I've been a E* customer for quite a while now, and on the whole, I've been pretty much pleased with the quality and selection. I do have the local HD package (in addition to OTA), and (for the most part) have been quietly waiting for NESN. 

I've compared picture quality on any number of Comcast cable and D* HD installations with what I'm getting at home, and based on that alone, I think I'll be staying with E*.

Whenever the Sox are playing and we have company, I always get asked "what channel is game on in HD?", and (unless it is a Saturday FOX game or a Sunday night ESPN game) I tell folks that it's being held hostage by the Boston Globe.


----------



## kdwebsol (Jan 29, 2006)

I had some friends over to watch the Indy 500 and when it was in rain delay we watched the Red Sox. One of my friends said "this is HD?" I said no, E* is the only provider in our area that does not have NESN HD. He is looking for a house and said I was going to have E* installed but know will have D* installed. His dad has D* (did have E* but switched) with NESN HD and was going to have E* installed because of all the other HD channels we have. 

Said to say this is the third time I personal had to tell a friend to go else where. Not that I want to send them to another service, but we love our Red Sox in New England. 

We ended up watching the Red Sox game in side by side PIP. This makes the over compressed SD signal watchable. Said to have an hd tv and no NESN HD. 

Ken


----------



## Hound (Mar 20, 2005)

kdwebsol said:


> I had some friends over to watch the Indy 500 and when it was in rain delay we watched the Red Sox. One of my friends said "this is HD?" I said no, E* is the only provider in our area that does not have NESN HD. He is looking for a house and said I was going to have E* installed but know will have D* installed. His dad has D* (did have E* but switched) with NESN HD and was going to have E* installed because of all the other HD channels we have.
> 
> Said to say this is the third time I personal had to tell a friend to go else where. Not that I want to send them to another service, but we love our Red Sox in New England.
> 
> ...


I just watched Schilling's one hitter on MLB HD which used the NESN HD broadcast.
MLB HD is part of the MLB EI subscription. NESN HD does a very good job.
Broadcasts away Sox games in HD. Not all RSNs are showing away games in HD.
YES HD broadcasts virtually every away game in HD.


----------



## TR7Spyder (May 3, 2007)

I just had E* installed in my house. The salesperson LIED to me, saying that NESN was available in HD! I like their equipment and service seems to be good, but that is a deal breaker for me .

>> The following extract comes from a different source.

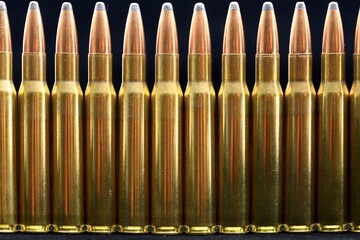 Rifle bullets of .30-06 caliper © Douglas
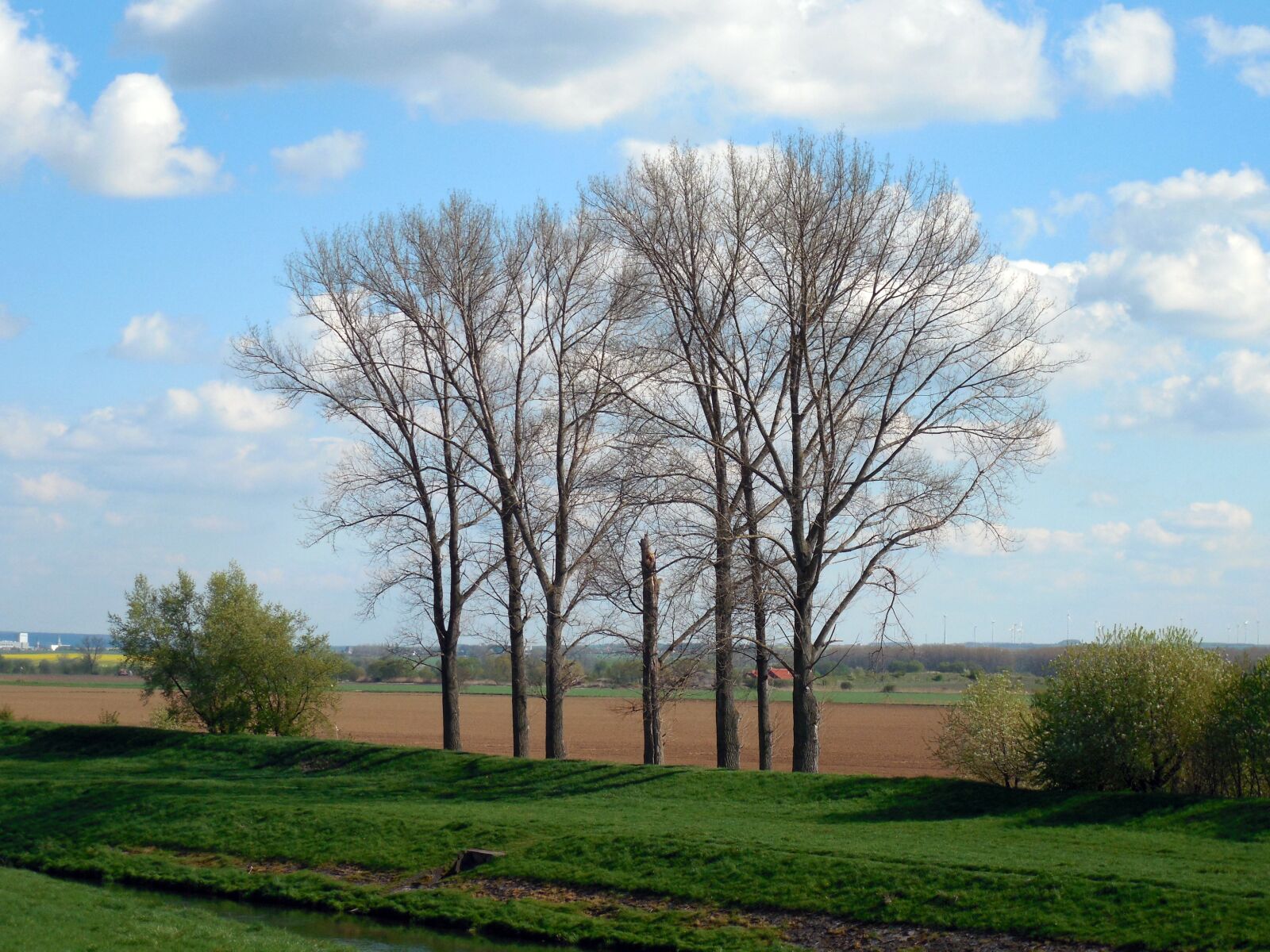 Nikon COOLPIX L620 sample photo. Trees, spring, nature photography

I might offer them to stay if they remove the 18 months commitment (I can wait until next spring), but if they do not get it by then, I am definitely gone… 

Shame on me for not searching first (this thread could have saved me and E* a lot of trouble). But there was SO MUCH information to take in, that I forgot to look it up…  I thought that I can trust their CSR.


----------



## kdwebsol (Jan 29, 2006)

TR7Spyder said:


> I just had E* installed in my house. The salesperson LIED to me, saying that NESN was available in HD! I like their equipment and service seems to be good, but that is a deal breaker for me .
> 
> I might offer them to stay if they remove the 18 months commitment (I can wait until next spring), but if they do not get it by then, I am definitely gone&#8230;
> 
> Shame on me for not searching first (this thread could have saved me and E* a lot of trouble). But there was SO MUCH information to take in, that I forgot to look it up&#8230;  I thought that I can trust their CSR.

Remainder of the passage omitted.